Hello,
This is crossposted from biostars as I was unsure which platform is right for this question.
I am looking to do a differential expression analysis for RNAaseq data in a hybrid by comparing the parental alleles to the in silico midparent value (for example like this paper). I was hoping to use modern DE tools such as DESeq2, EdgeR etc. that assume a negative binomial model. What I am confused about is how to incorporate normalization into computing the midparent values - for example if two corresponding parental genes have different lengths, how would I accommodate for this?
Suppose I am working with DESeq2 and my parents are A, B and my child is C with parent alleles Ca, Cb. The flow I was thinking of is as follows:
- Input samples from A,B, Ca, Cb into a DESeq model with gene lengths and compute normalization factors
normalizationFactors(dds)
. - Take normalized sample columns from the normalized counts matrix, say
A_norm
,B_norm
andCa_norm
,Cb_norm
- Use
round((A_norm+B_norm)/2))
,Ca_norm
,Cb_norm
as inputs to a new DESeq model with constant size factors of 1 to account for the pre-normalized values.
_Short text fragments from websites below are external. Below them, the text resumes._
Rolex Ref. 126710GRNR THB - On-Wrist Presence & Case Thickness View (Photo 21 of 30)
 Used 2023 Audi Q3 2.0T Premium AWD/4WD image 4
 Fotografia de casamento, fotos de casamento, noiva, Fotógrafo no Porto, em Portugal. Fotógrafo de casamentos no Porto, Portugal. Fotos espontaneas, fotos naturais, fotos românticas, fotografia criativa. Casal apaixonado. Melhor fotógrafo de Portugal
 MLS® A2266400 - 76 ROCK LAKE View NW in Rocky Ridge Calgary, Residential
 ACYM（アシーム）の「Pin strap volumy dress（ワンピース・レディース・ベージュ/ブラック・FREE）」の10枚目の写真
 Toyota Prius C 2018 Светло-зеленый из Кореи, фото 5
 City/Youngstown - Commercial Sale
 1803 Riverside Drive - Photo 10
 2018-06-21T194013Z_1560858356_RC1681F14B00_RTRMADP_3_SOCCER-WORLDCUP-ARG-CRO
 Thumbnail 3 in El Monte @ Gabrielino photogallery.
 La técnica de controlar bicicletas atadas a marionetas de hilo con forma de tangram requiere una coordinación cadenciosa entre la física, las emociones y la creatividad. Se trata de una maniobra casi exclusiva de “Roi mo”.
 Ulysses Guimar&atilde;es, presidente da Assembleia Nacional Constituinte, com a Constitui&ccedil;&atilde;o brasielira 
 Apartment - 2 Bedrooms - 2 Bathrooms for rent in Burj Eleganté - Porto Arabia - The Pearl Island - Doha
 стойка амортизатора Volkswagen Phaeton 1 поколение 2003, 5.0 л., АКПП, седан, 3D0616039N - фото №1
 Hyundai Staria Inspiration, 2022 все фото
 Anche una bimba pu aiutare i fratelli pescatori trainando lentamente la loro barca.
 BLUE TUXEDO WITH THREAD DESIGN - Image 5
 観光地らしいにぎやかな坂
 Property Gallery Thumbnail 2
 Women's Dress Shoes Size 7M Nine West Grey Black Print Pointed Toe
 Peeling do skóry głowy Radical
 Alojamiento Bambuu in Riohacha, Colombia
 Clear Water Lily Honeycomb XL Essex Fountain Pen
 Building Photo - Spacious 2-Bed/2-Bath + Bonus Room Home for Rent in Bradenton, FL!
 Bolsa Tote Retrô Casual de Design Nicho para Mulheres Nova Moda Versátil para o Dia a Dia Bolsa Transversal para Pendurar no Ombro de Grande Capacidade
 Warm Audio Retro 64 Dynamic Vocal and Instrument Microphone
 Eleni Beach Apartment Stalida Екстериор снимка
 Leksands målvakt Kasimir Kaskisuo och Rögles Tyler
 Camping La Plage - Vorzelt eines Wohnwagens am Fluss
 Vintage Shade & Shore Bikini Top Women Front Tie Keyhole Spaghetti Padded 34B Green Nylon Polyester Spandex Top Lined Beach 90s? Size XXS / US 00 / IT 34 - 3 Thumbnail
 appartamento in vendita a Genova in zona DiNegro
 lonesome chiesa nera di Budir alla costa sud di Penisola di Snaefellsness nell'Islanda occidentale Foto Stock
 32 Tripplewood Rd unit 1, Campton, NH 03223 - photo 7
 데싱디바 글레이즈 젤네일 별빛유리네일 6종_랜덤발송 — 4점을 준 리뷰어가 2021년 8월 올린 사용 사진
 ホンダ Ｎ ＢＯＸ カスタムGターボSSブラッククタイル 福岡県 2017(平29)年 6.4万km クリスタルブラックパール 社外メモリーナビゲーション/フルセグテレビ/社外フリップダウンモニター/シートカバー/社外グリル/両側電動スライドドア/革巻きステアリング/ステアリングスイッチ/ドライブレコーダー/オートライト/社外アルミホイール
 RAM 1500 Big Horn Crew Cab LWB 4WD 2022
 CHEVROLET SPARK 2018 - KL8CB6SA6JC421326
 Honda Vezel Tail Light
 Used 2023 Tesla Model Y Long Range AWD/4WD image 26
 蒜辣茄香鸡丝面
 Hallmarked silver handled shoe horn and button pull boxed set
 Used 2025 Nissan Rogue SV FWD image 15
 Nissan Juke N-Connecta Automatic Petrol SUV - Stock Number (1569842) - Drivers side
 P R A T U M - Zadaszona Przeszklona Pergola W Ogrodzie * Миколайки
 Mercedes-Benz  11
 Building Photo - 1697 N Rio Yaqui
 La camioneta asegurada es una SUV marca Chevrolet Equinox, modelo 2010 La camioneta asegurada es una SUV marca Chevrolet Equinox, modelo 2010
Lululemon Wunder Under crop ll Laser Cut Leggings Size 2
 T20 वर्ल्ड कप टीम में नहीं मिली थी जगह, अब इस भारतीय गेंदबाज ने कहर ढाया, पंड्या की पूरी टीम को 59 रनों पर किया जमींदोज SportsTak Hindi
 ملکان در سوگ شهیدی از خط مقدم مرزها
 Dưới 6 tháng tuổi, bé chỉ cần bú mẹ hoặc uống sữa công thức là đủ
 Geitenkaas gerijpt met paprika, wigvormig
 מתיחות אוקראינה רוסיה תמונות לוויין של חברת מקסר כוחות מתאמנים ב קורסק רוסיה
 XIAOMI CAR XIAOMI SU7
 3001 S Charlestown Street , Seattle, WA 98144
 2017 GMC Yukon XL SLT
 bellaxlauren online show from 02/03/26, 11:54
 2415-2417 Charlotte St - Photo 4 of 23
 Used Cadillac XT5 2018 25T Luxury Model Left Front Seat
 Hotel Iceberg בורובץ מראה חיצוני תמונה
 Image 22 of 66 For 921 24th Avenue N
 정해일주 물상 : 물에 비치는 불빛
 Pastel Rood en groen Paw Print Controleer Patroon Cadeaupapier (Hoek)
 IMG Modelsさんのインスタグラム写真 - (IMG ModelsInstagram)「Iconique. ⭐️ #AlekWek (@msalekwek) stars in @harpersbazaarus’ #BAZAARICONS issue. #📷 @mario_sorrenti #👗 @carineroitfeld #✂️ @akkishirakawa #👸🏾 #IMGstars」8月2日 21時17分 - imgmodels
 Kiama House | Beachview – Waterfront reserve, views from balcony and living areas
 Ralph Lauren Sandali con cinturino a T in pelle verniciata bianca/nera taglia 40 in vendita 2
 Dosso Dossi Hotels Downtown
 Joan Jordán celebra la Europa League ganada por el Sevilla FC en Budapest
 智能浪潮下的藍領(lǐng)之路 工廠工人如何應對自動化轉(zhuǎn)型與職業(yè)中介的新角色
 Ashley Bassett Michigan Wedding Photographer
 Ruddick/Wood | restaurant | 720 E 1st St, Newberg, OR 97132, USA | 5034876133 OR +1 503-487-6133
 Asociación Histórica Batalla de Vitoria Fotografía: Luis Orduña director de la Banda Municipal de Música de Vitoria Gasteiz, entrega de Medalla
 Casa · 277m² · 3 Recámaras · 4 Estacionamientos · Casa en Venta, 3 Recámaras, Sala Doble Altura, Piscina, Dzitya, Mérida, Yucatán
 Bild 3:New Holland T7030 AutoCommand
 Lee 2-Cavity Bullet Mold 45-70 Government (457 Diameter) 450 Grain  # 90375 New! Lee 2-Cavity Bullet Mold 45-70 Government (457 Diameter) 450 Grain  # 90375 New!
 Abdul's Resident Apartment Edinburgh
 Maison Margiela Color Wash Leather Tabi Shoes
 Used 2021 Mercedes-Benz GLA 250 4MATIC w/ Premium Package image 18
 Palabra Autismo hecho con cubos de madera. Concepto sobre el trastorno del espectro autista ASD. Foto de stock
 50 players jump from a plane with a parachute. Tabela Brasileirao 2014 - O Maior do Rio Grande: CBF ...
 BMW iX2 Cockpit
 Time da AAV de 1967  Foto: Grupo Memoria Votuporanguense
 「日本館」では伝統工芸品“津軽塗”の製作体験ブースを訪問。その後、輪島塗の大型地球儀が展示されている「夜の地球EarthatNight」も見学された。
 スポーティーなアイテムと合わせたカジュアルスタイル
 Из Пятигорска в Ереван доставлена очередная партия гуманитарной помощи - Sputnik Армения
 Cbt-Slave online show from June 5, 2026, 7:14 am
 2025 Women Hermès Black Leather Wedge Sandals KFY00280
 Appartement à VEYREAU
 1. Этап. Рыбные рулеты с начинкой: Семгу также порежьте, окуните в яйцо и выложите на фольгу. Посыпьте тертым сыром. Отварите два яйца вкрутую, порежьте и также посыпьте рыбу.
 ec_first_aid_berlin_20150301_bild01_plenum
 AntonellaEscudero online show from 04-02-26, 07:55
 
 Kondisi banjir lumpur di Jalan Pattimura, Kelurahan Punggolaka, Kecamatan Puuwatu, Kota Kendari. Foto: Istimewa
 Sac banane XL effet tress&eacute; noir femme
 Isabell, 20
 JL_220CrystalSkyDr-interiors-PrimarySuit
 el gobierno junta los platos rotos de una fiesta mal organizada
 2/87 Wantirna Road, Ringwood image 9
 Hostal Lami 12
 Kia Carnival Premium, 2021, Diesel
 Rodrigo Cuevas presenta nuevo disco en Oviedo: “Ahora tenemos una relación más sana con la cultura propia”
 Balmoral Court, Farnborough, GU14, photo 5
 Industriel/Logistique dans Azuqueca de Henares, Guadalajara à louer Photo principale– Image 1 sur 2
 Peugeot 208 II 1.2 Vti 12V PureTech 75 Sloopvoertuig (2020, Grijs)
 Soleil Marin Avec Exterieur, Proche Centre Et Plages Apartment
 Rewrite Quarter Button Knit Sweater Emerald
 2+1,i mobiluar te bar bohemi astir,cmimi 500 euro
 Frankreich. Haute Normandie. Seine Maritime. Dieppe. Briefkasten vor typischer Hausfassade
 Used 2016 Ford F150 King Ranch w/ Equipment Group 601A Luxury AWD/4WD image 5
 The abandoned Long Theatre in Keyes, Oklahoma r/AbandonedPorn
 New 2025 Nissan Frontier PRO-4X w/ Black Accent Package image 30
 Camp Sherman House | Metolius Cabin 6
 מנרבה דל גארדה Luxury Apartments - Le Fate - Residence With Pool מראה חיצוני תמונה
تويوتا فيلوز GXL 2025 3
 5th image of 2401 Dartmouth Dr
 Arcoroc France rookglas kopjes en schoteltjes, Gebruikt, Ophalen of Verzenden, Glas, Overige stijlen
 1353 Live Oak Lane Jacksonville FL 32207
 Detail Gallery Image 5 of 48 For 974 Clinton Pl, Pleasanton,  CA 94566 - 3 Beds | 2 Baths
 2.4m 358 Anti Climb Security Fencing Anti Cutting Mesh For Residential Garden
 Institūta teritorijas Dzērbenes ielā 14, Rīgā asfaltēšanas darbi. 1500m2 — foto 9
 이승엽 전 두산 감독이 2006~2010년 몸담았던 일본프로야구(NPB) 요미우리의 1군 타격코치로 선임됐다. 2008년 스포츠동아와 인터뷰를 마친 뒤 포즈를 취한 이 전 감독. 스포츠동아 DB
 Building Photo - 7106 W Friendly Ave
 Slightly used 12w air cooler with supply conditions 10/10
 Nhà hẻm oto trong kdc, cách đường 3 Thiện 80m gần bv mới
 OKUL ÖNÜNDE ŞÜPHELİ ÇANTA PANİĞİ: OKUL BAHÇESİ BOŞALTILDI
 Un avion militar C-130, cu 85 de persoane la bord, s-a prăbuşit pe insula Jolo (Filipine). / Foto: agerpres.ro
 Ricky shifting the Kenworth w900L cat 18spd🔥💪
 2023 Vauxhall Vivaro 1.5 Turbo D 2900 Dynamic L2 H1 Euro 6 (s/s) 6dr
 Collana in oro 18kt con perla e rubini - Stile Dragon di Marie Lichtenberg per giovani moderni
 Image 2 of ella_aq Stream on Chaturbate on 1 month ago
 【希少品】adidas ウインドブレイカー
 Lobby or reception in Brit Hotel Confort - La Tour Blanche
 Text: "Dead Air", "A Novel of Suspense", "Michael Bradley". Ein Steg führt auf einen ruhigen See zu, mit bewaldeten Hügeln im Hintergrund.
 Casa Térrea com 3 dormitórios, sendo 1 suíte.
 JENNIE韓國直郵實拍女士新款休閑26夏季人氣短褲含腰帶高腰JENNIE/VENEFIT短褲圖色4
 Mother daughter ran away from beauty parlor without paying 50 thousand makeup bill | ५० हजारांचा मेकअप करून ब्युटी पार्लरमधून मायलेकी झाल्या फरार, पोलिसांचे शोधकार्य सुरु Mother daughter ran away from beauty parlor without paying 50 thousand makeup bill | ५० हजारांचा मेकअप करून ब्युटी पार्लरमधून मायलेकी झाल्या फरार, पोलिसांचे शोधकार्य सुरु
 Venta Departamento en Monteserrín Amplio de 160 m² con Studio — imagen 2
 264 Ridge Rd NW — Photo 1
The problem is that from what I understand DESeq does not directly use the normalized counts but rather incorporates the normalization factors into the computation of the means and dispersion values so I am not sure if this method makes sense. In particular if DESeq directly used the normalized counts K_ij/normalizationFactors(dds)
in its modelling, then I belieeve providing the average of the normalized counts across the parents and a constant normalization matrix would have made statistical sense.
The only other method I can think of is to use a t-test on the log(TPM+1) values but I have 15 tissues and 3 replicates per tissue so in case I have an interaction between the tissue and genotype, I am afraid the normal distribution assumption of the test would not hold.
Any suggestions or feedback would be much appreciated, thank you!